Не менее важно подчеркнуть и дифференциацию реакций на ситуацию «конца литературы»: так как если концептуализм своими практиками конституирует «конец литературы» и строит свои стратегии на выходе из поля литературы, понимая ценность новой авторской функции как медиатора между практиками, принадлежащими разным полям, то НТЛ, фиксируя убывающую социальную ценность литературного дискурса, остается в рамках текста и традиционного поэтического поведения317, не допуская отказа от традиций при условии, что эти традиции подвергаются внутри самой стратегии раскачиванию318.
Применительно к этому направлению можно говорить уже не о системе «персонажей» и спектре «имиджей», а о «лирическом герое» – как о некоей сумме принципиально повторяющихся черт, сохраняющих единство на протяжении всего дискурса.
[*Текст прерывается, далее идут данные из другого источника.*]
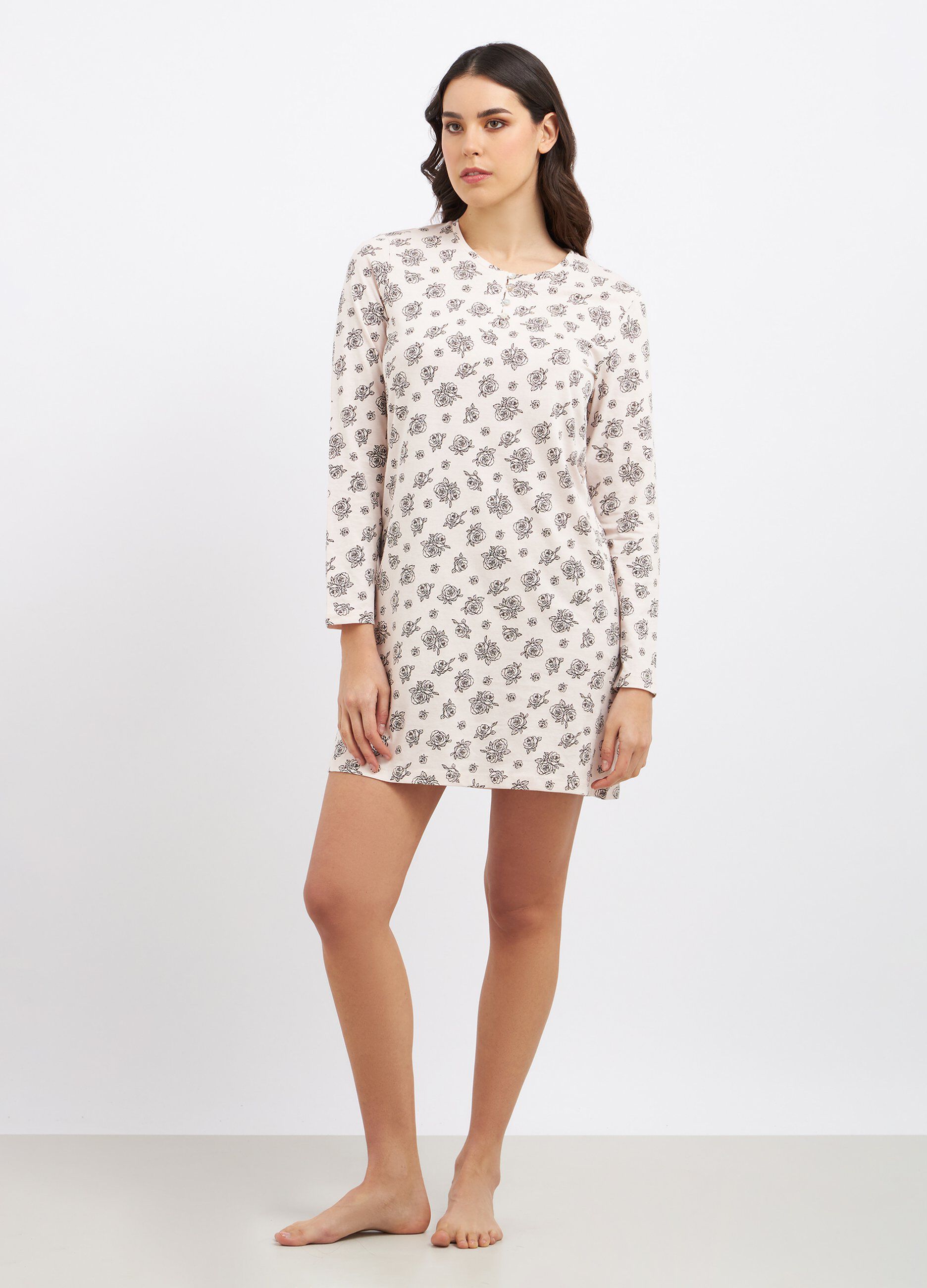 Camicia da notte in puro cotone a maniche lunghe donna_0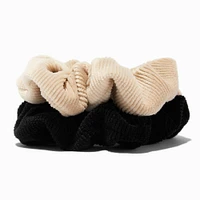 Black & Ivory Ribbed Hair Scrunchies - 2 Pack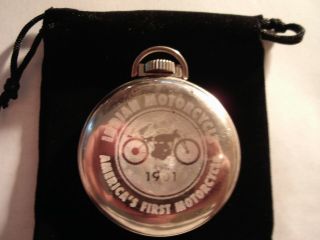 Vintage Westclox Pocket Watch Indian Motorcycle Theme Case Runs Well.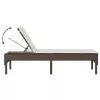  barna polyrattan napozóágy párnával 55x200x44 cm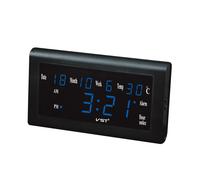 (Blue) 12/24 Hours Desktop Clock Big Number Lcd Display Temperature Date Week Month Table Clock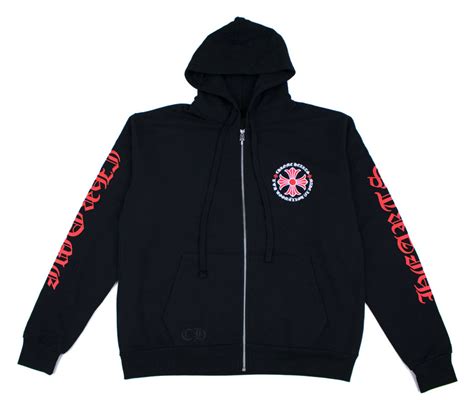 Chrome Hearts Made In Hollywood Plus Cross Zip Up Hoodie Black/Red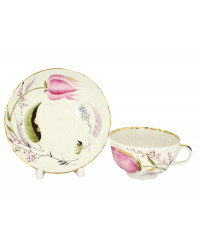  LOMONOSOV IMPERIAL PORCELAIN TEACUP AND SAUCER TULIP PINK TULIPS 250 ML/8.45 OZ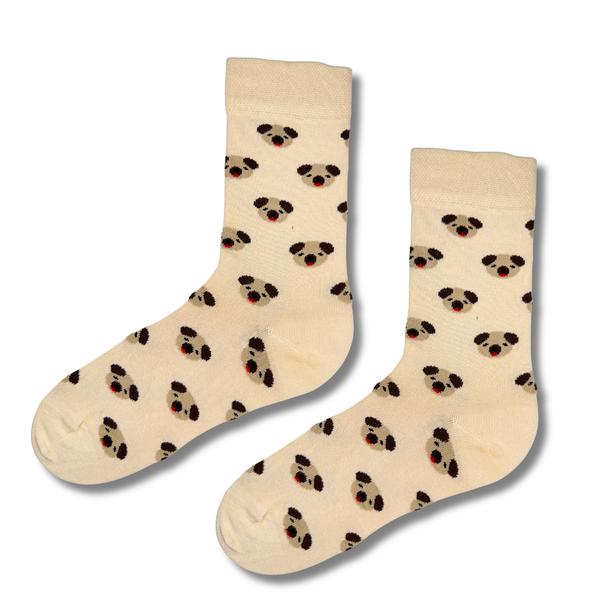 Beige Puppy Face Socks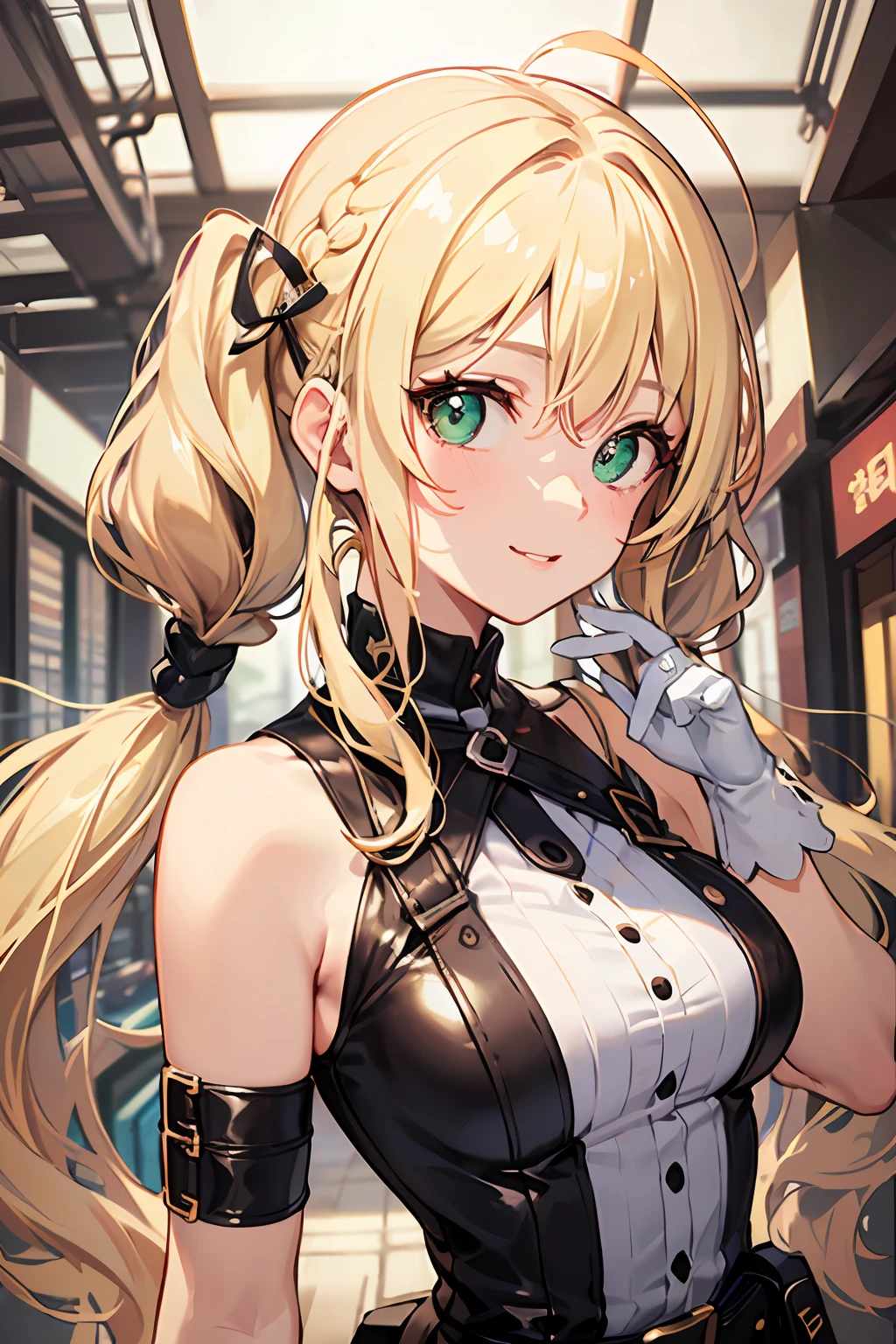 (NSFW:1.2)(best quality, masterpiece, highres,e:1.2)(kawaii)(Beautiful face)(Petite:1.4 ), ((Blonde hair:1.4),Wavy hair, Hair Between Eyes, ((low twintails:1.4)), Braids , side locks, Ahoge, flipped hair )hair ornaments,(Green eyes:1.2) ,Steampunk, (London street fashion:1.1)engineer,(white sleeveless sundress:1.4), Belt, Bracelet , (Leather gloves:1.4)(tighstrap)(Looking up:1.2) ,Cowboy Shot,(Dynamic Angle, (close to viewer:1.2), Focus Face, fish-eye lens,(white back)),(hands on own face),light smile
Этот герой, которому и поручается манифестация авторской позиции, в отличие от персонажа в концептуализме, «умен», совпадая в этом качестве с тенденциозным «лирическим героем»; с другой стороны, эксцентричен, здесь повторяя принципиальную особенность бестенденциозной литературы. Неканонический герой, зная все, что знает герой канонический, знает еще нечто, недоступное последнему, так как дистанцируется от канона. Иначе говоря, если канонический герой присваивает власть первооткрывателя вечных ценностей (как это происходит в поэзии Олега Охапкина или Дмитрия Бобышева319), то неканонический – власть реставратора и реаниматора, что инспирирует появление эксцентричного, а не ортодоксального ракурса.
Поэтому в рамках тенденциозной литературы такая стратегия интерпретируется как «авангардизм», как неортодоксальная или даже еретическая (допускающая «слишком вольное обращение с вечными ценностями»)320; для нас важнее выявить связь между способами присвоения власти при операции обмена между автором и читателем и авторской стратегией, которая проявляется в поиске своей, эксцентричной системы образности, в пристрастии к индивидуальному слову и метафоре (так как метафора и есть способ выявления уникального положения «лирического героя» в пространстве) и в использовании «чужого» слова, в основном как цитаты, аллюзии, ассоциации, то есть традиционным путем.